So I quickly got this man fired, and for about six months after that, received from him threatening, violent, and extremely hateful text messages because somehow, based off the way I had presented myself or social media stalking, he had figured out that I was bisexual or at least not identifying as straight. So he harassed me for many months after he was fired until I finally blocked all of his phone numbers. I guess at the end of the day, I would just like to say that now I don’t take crap from nobody [laughs], and I learned a lot.

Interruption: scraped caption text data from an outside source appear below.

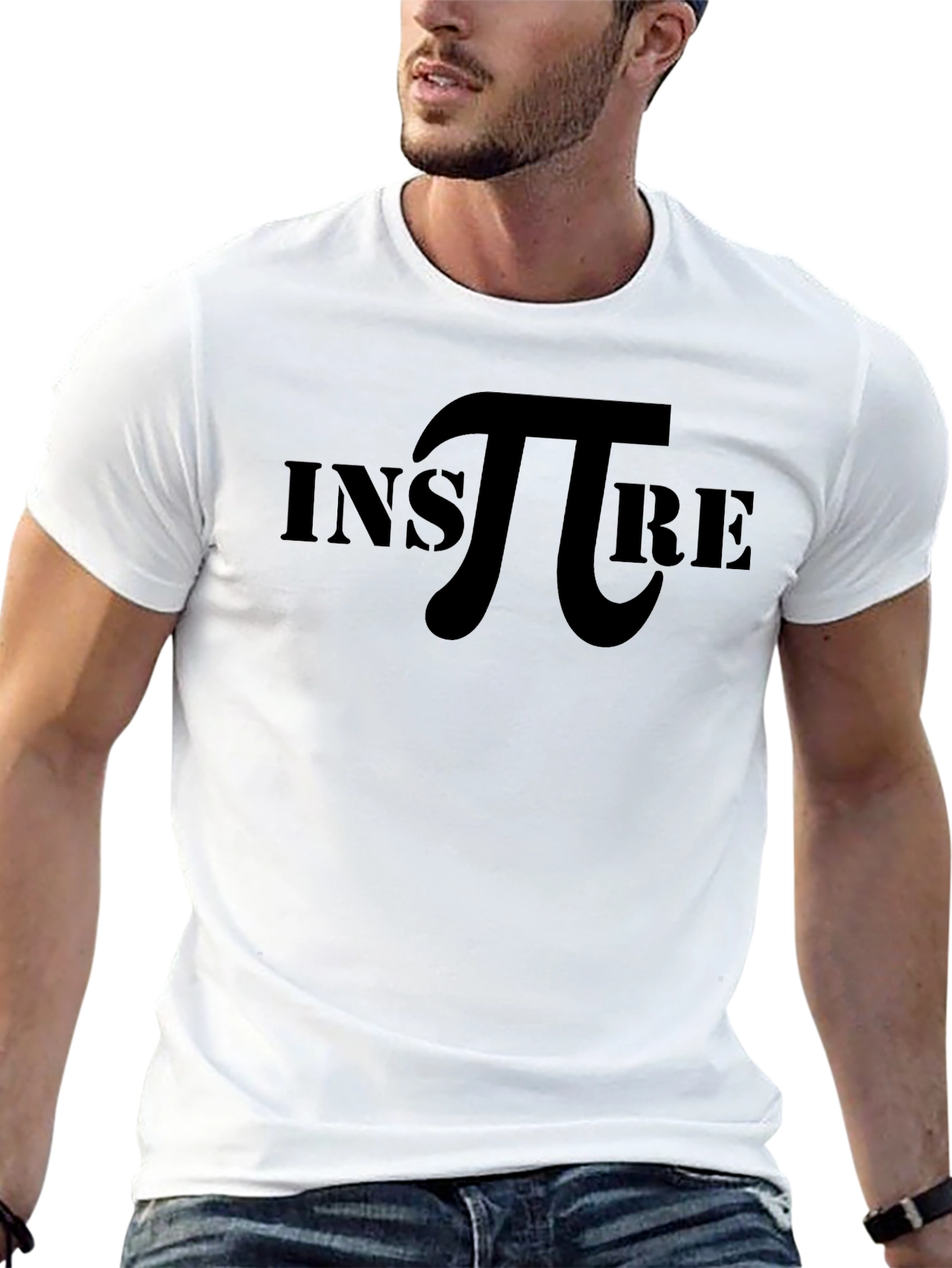 Inspire Pi Symbol T-Shirt - Soft Cotton Tee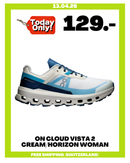ON CLOUD VISTA 2 CREAM/HORIZON WOMAN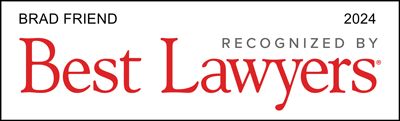 Brad Friend Best Lawyers | 2024
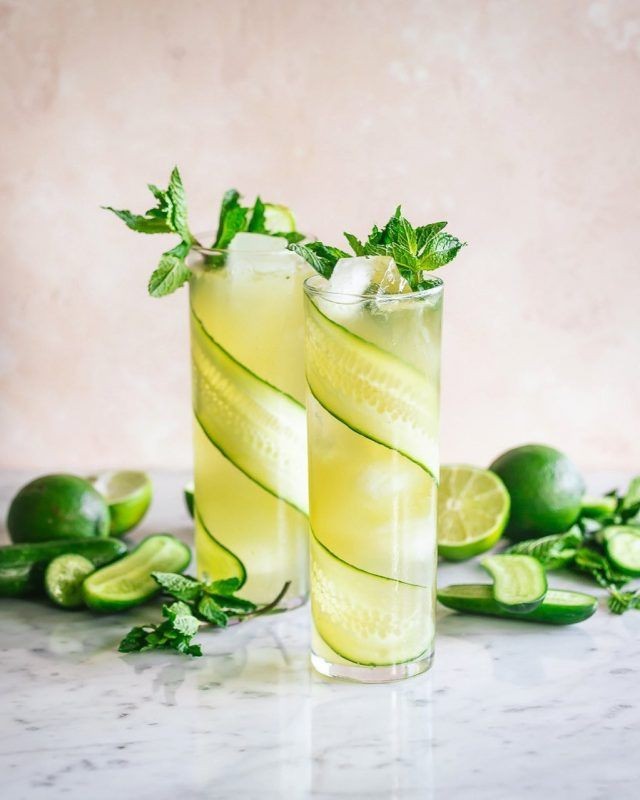 Coconut Beach Mojito Bliss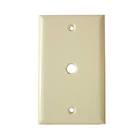 [AGU-E02128V] PLACA SALIDA DE CABLE DIAM. 9MM MARFIL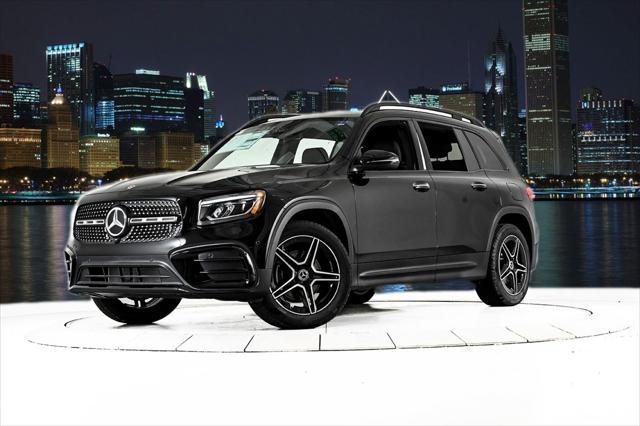 new 2025 Mercedes-Benz GLB 250 car, priced at $57,955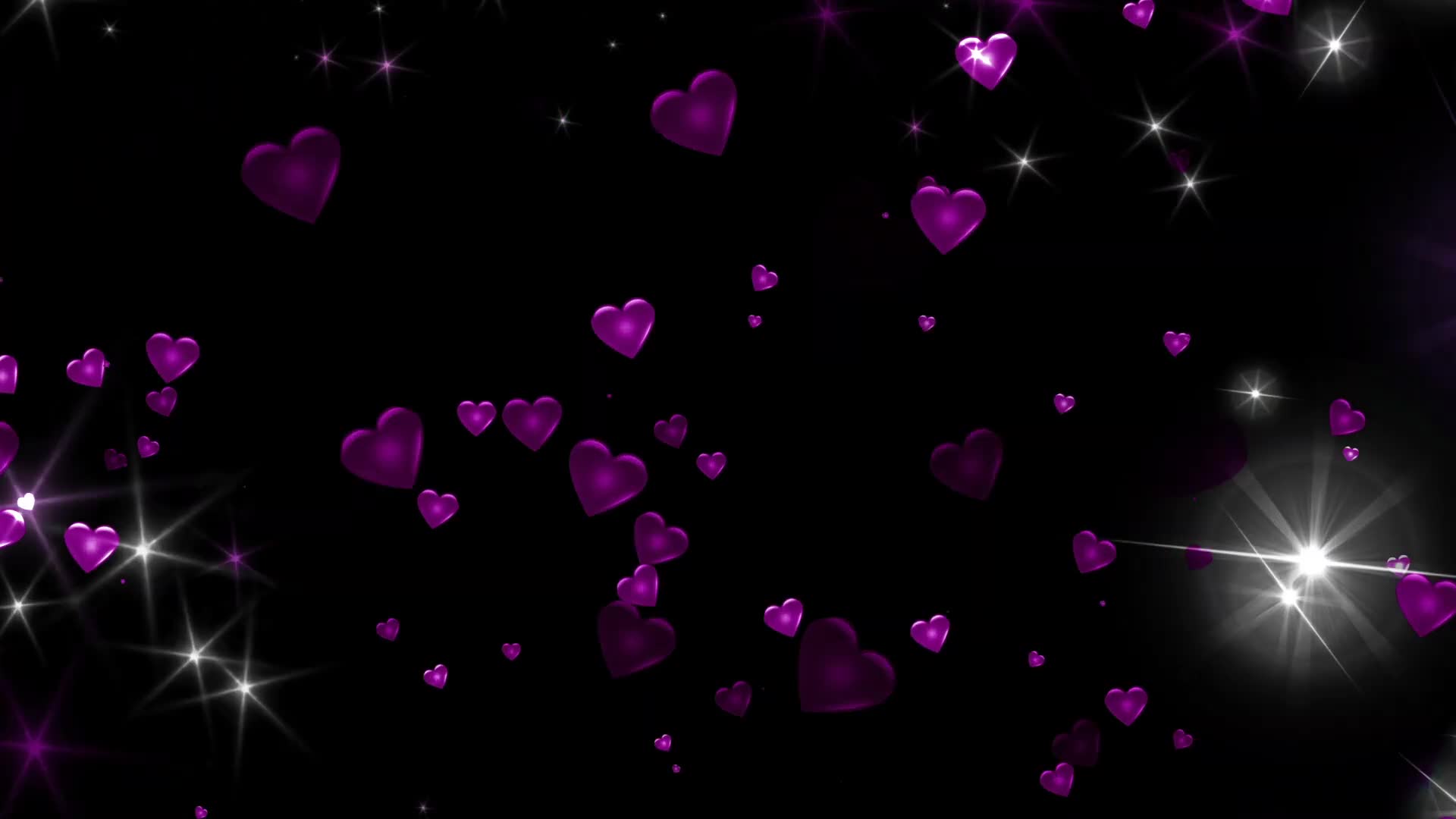 Hearts Black Screen Video Effects Light Effect Video Kinemaster Template Status Background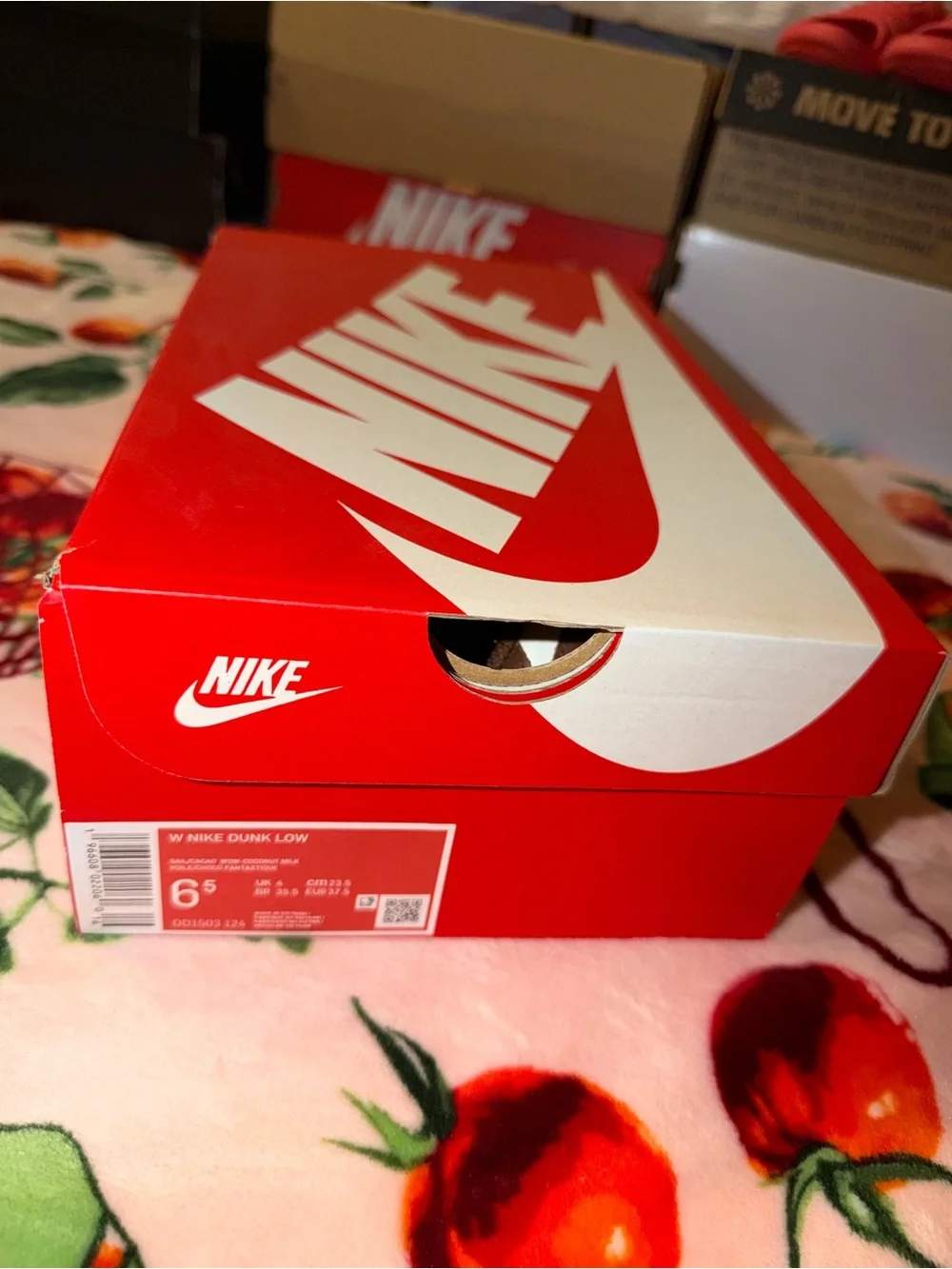 Nike Dunk Low Cacao Wow Womens 7 Shoes Brown Sneakers Youth 5.5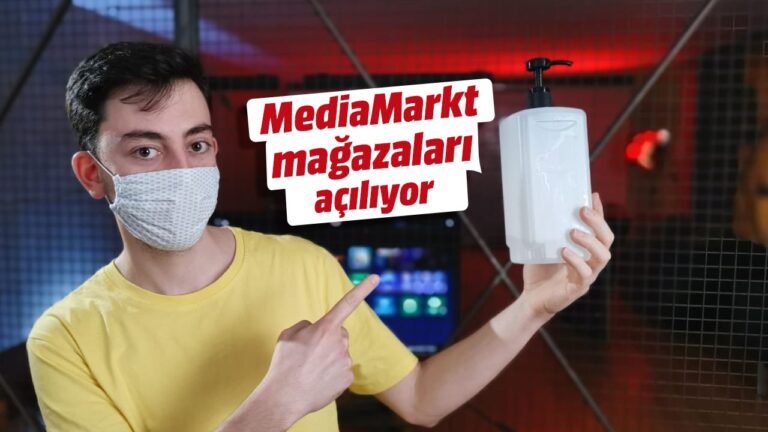 MediaMarkt mağazaları tekrar açılıyor! Alınacak önlemler neler?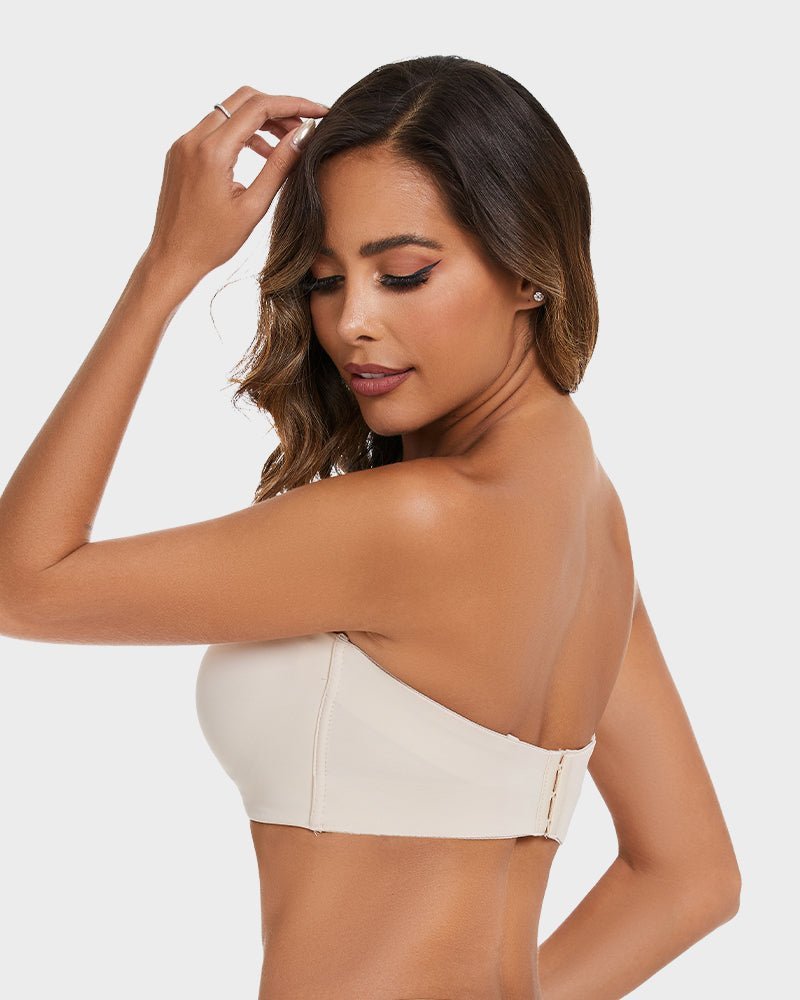 Fascia donna convertibile con sostegno rinforzato in nylon per la stagione estiva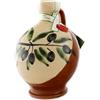Galantino Orcio in Ceramica Artigianale Robin con Olio Extra Vergine di Oliva 500ml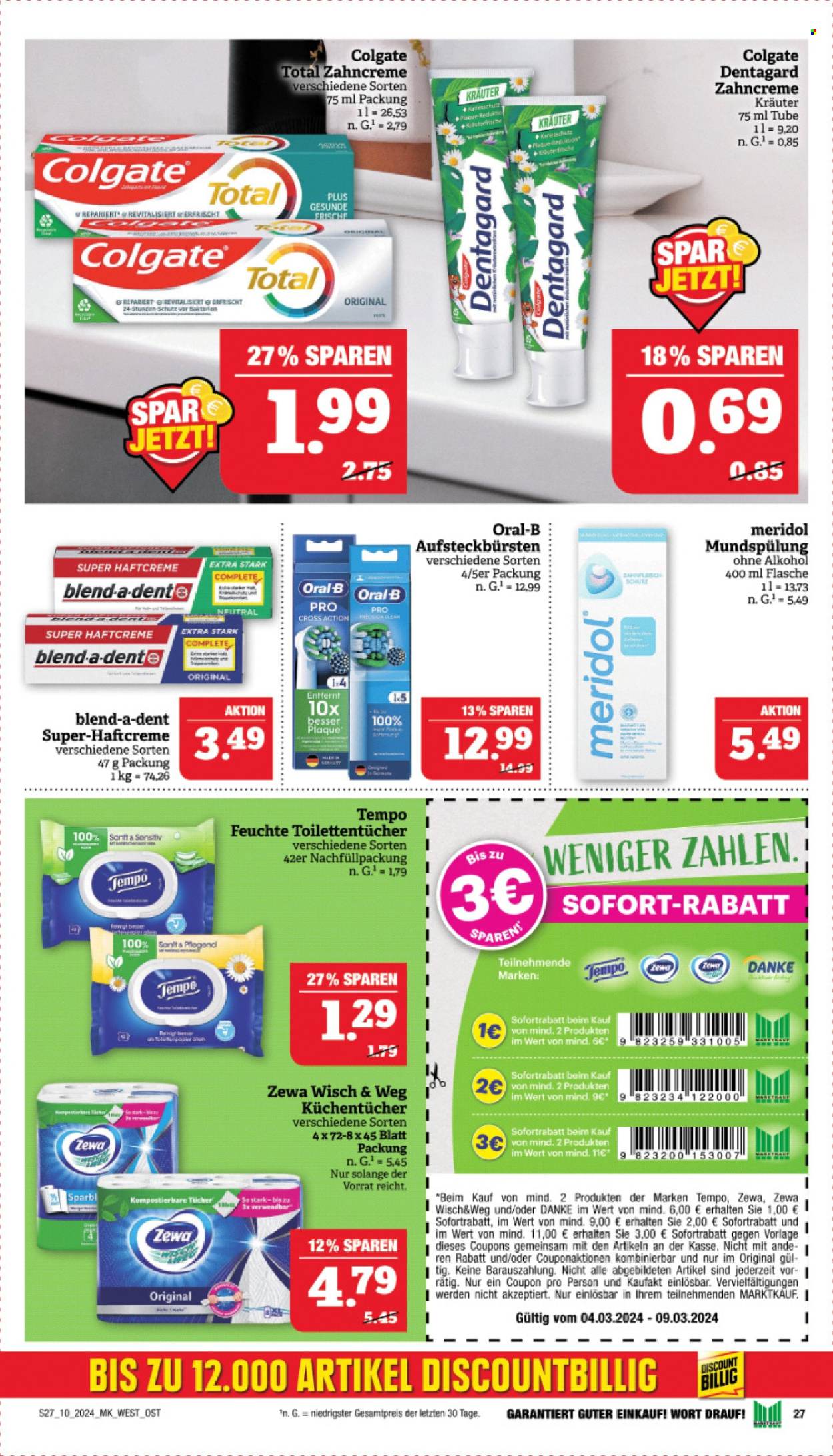 Marktkauf Prospekte  - 4.03.2024 - 9.03.2024. Seite 27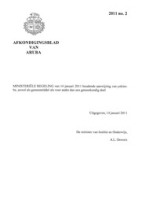Afkondigingsblad van Aruba 2011 no. 2, DWJZ - Directie Wetgeving en Juridische Zaken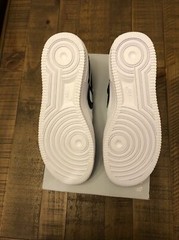 Air Force 1 LV8 1 GS MIDNIGHT NAVY WHITE BLACK CK0502 400 Youth SIZE 5.5 Youth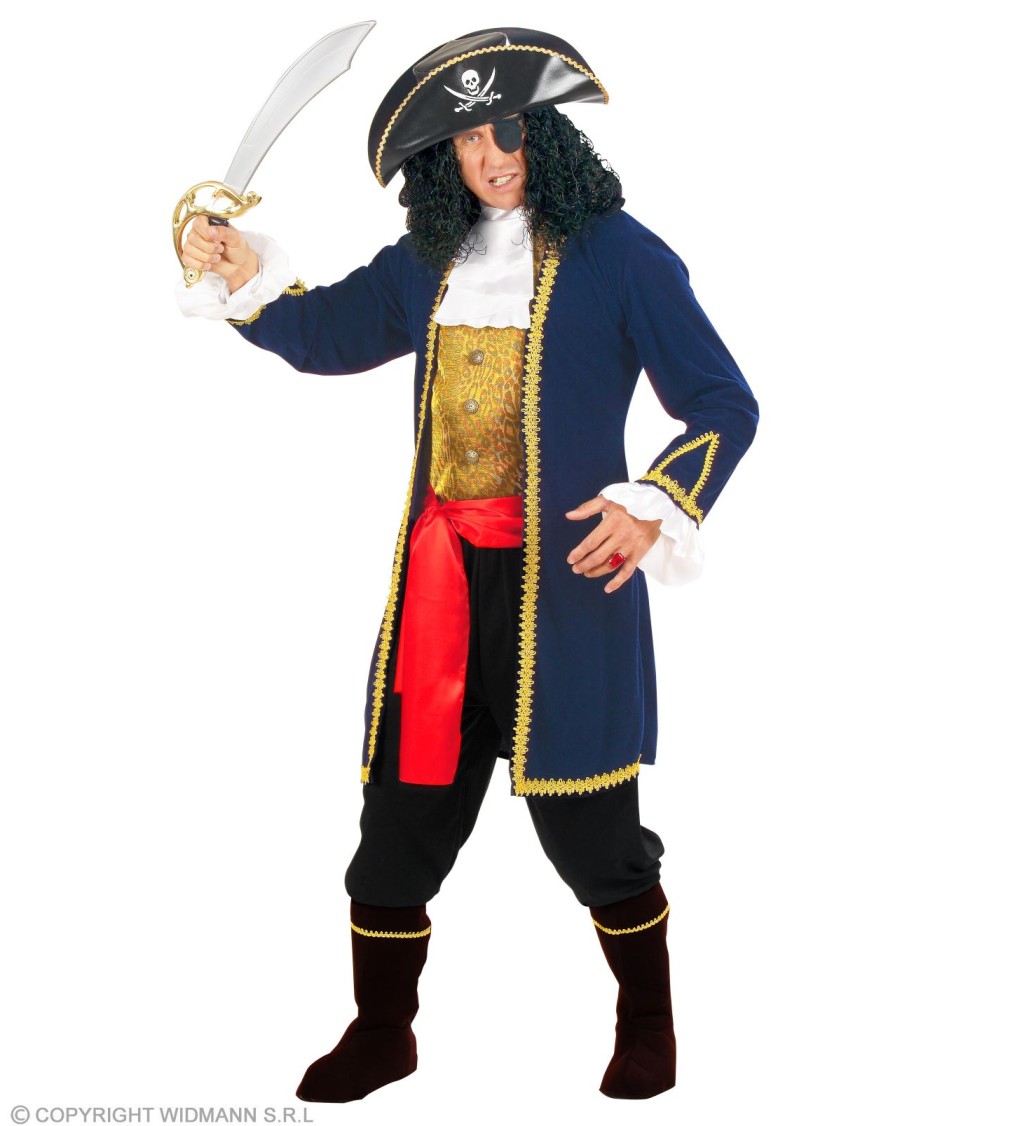 Kostým - pirát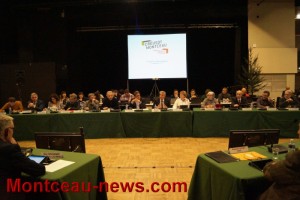 Conseil de communauté Creusot-Montceau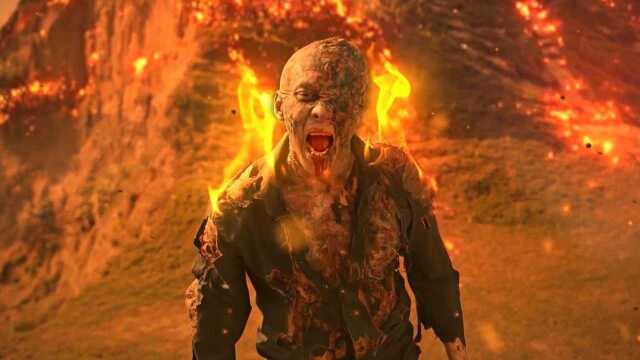 我的丧尸女友2名幸存者带领女友大战火焰丧尸王动作片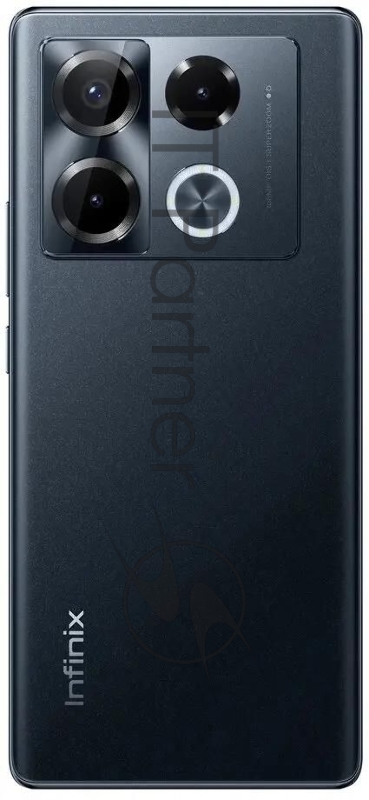 Смартфон Infinix Note 40 Pro X6850 12/256Gb черный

MATT: Hi, Sarah. This is Matt. I’m a teacher from Stamford, Connecticut, and I teach 8th grade English. A teacher and I have this club called Wave Three, and it’s a feminism club where we kind of focus on
all these ideas of gender equality. We explore topics with the kids. There’s about–well, I haven’t started it up this year yet, but–last year we had, oh, probably about 15 kids. There would be 10-15 kids there each meeting, at least. Well, I mean sometimes it would be four kids or five kids, depending on what was going on. But we would kind of teach each other about things, read articles on stuff, and then we would have a bulletin board outside in the hallway. We would try to kind of make whatever we had learned into something that would work on a bulletin board so that when other kids walked by, they could read it. We even made a zine once, just a few pages. We made it look subversive. It was dope. It was very, very cool. And English teacher always has to use examples, and every teacher has to use examples. I just try to make my examples non-heteronormative, non-cisnormative, you know what I’m saying? Instead of Jack and Jill went somewhere, just Jack and Frank went somewhere, or Jill and Jane went somewhere, or whatever. Those are just a few ways I do things. I’m sure there’s plenty of other things that we could talk about, and that’s all. Thanks a lot.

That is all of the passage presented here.